Há cidades onde é preciso fugir dos lugares-comuns, que são meio caminho para chegarmos a lado nenhum, em termos de correspondência com a sua realidade actual. E há outras cujas história, bandeiras, gastronomia e iconografia funcionam como atalhos honestos, que nos ajudam a descobri-las até para além de eles mesmos. Assim acontece com Munique, mesmo que a cidade também tenha as suas dissimulações. Por exemplo, a capital do estado federado da Baviera é o motor económico do país e a terceira cidade da Alemanha em termos de população, com 1,3 milhões de habitantes, e temos sempre a sensação, mesmo nas mais amplas avenidas, de estar numa urbe bastante mais pequena.
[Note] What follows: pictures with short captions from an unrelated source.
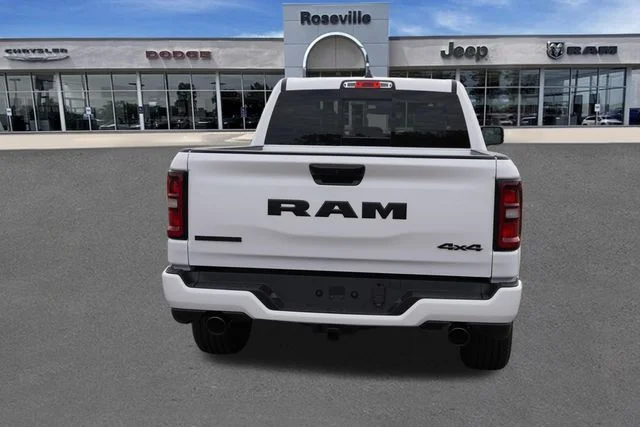 New 2027 Bright White Clear-Coat Exterior Paint RAM Big Horn image 4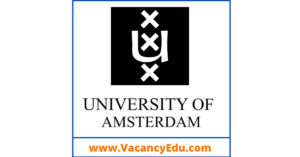 Postdoctoral Fellowship at University of Amsterdam, Netherlands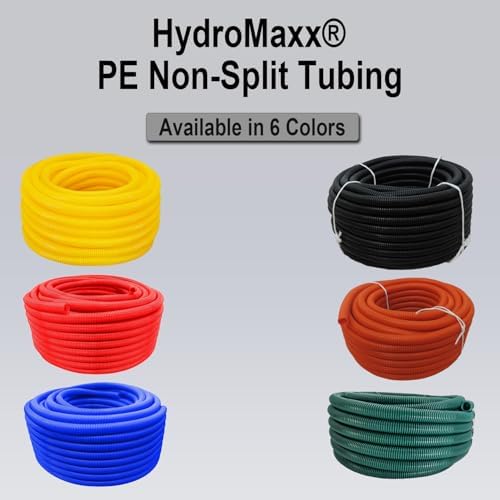 TEKTUBE non split orange cable sleeve hundred feet roll package overview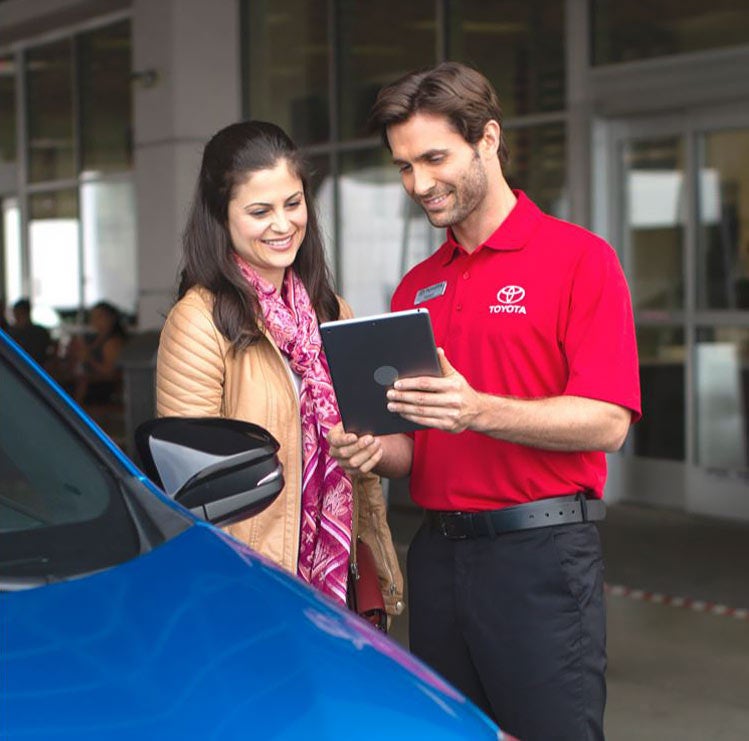 TOYOTA SERVICE CARE | Ballentine Toyota in Greenwood SC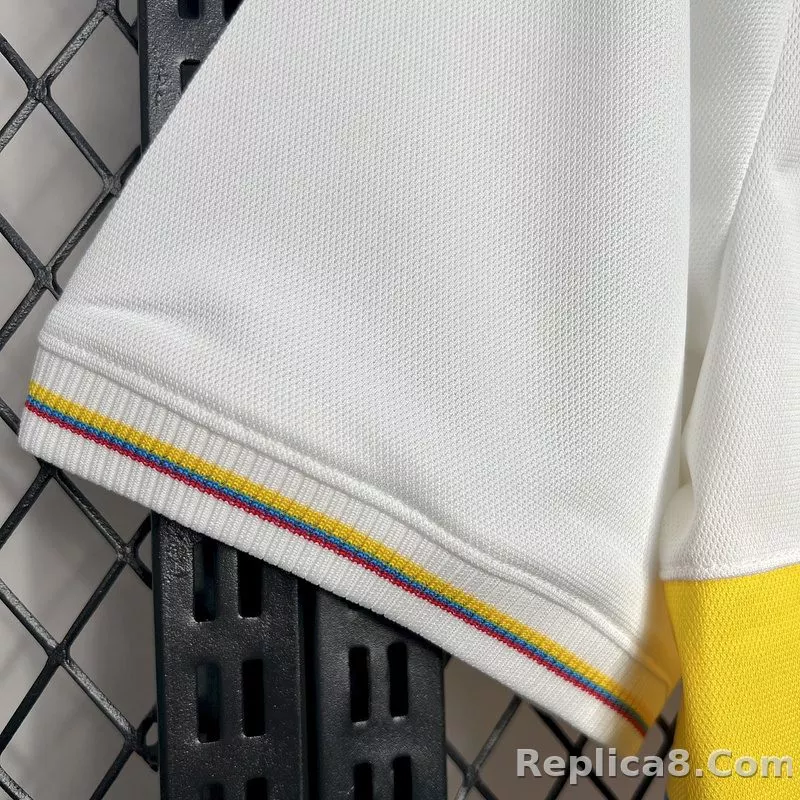 2024 Colombia 100th White Anniversary Jersey - detail
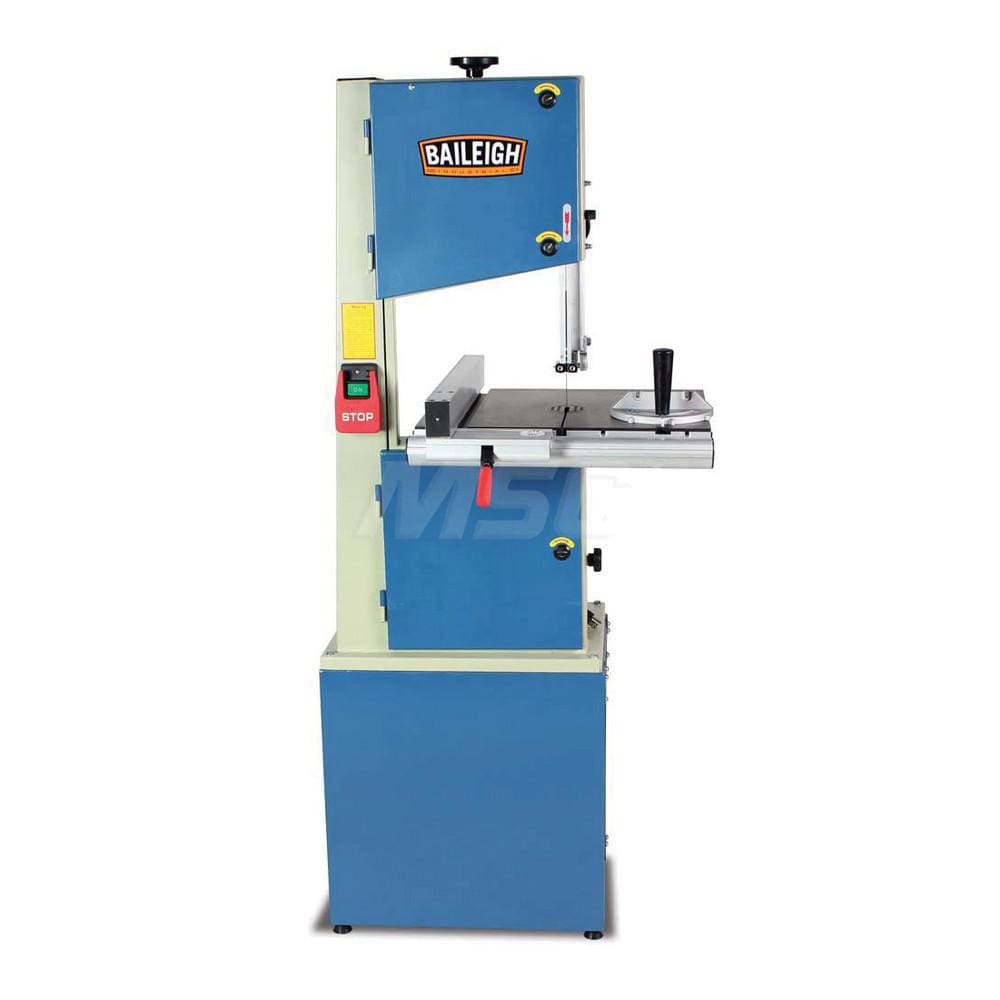 Vertical Bandsaw: 7" Height Capacity, Belt Drive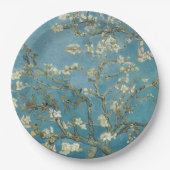 Bord PAPIER : VINVENT VAN GOGH : ALMOND BLOSSOMS (Voorkant)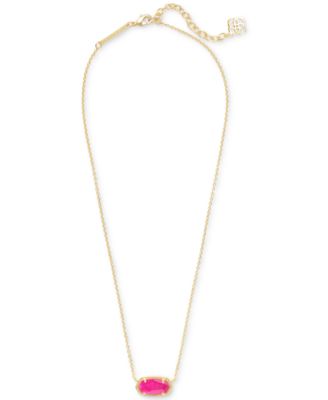 Gold-Tone Elisa Pendant Necklace & Mini Ellie Stud Earrings Gift Set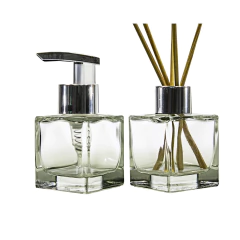 Kit Vidro Cubo 100ml Ouro - comprar online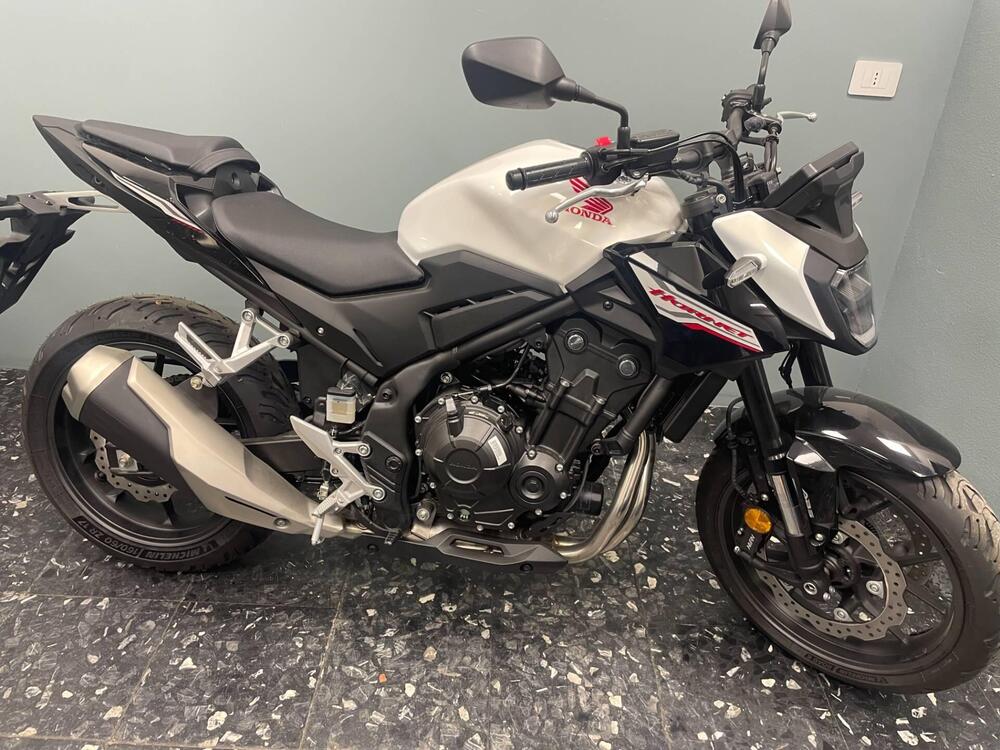 Honda CB 500 Hornet (2024 - 25)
Mas veja-se o caso da cerveja, um dos seus ícones. Não é preciso visitar Munique durante a Festa da Cerveja, a Oktober Fest — que, na verdade, até ocupa mais semanas de Setembro do que de Outubro — para perceber que esta bebida de cevada, ou trigo, fermentada continua intimamente ligada à cidade. Um habitante típico de Munique dirá até que nem é na Oktober Fest, quando a cidade está cada vez mais tomada de turistas que acreditam que entrar no espírito da festa é beber histericamente até cair para o lado, que essa relação é mais perceptível.
É que as coisas têm a sua história e a cada passo se encontra gente disponível para contar que Munique significa terra de monges, em alemão antigo, e que, assim como outros faziam licores, estes faziam cerveja. Sobretudo, Stark Bier, cerveja forte, com mais de 8% de álcool, e substancial. “Pão líquido”, para amenizar o rigor do jejum quaresmal. Conta a lenda que um Papa não achou aquilo bem e quis saber o que era isso que aqueles monges bebiam na Quaresma. Foram-lhe enviados barris, mas a viagem era longa e a cerveja estragou-se. Quando a provou, o Papa terá dito que se era aquilo que os beneditinos de Munique consumiam na Quaresma, bem podiam continuar a fazê-lo, se a sua capacidade de penitência chegava a esse ponto. E os monges aceitaram de bom grado carregar essa cruz.
A Baviera é católica e os habitantes de Munique continuam a penitenciar- se resignadamente. A heráldica oficial da cidade mostra um monge beneditino com uma Bíblia na mão, mas não faltam edifícios públicos, mesmo antigos, onde o monge aparece com uma caneca no lugar do livro. A cidade tem centenas de Biergärten, jardins de cerveja, onde, com um bocadinho de sol, as mesas sob os castanheiros se enchem de gente que pode levar a sua própria comida e comprar apenas a cerveja no respectivo quiosque. É normal pedir-se para partilhar a mesa com os desconhecidos, que os bávaros são relativamente informais, para os padrões alemães. Aliás, têm fama de ser mais alegres e espontâneos e de, além de um dialecto e de um sotaque acentuado, terem um linguajar mais colorido.
As grandes cervejarias, como a Hofbräuhaus (Platzl), fundada em 1589 para satisfação de Guilherme V, do Ducado da Baviera, que não gostava da cerveja que então se fazia em Munique, ou a Löwenbraukeller (Stigmaierplatz), fundada em 1883, também têm Biergärtens. A Hofbräuhaus, com os seus tectos pintados, é muito mais bonita por dentro. O edifício da Löwenbraukeller é o mais bonito por fora. No interior ou ao ar livre, provem-se alguns produtos tradicionais, como a Weiß Bier (cerveja branca), feita com trigo — que, passe o paradoxo, pode ser branca ou preta (Dunkel) — ou as salsichas brancas (Weißwurst) que se acompanham com mostarda doce (Bretzel) e Pretzel, duas argolas de pão estaladiço com pedras de sal à superfície.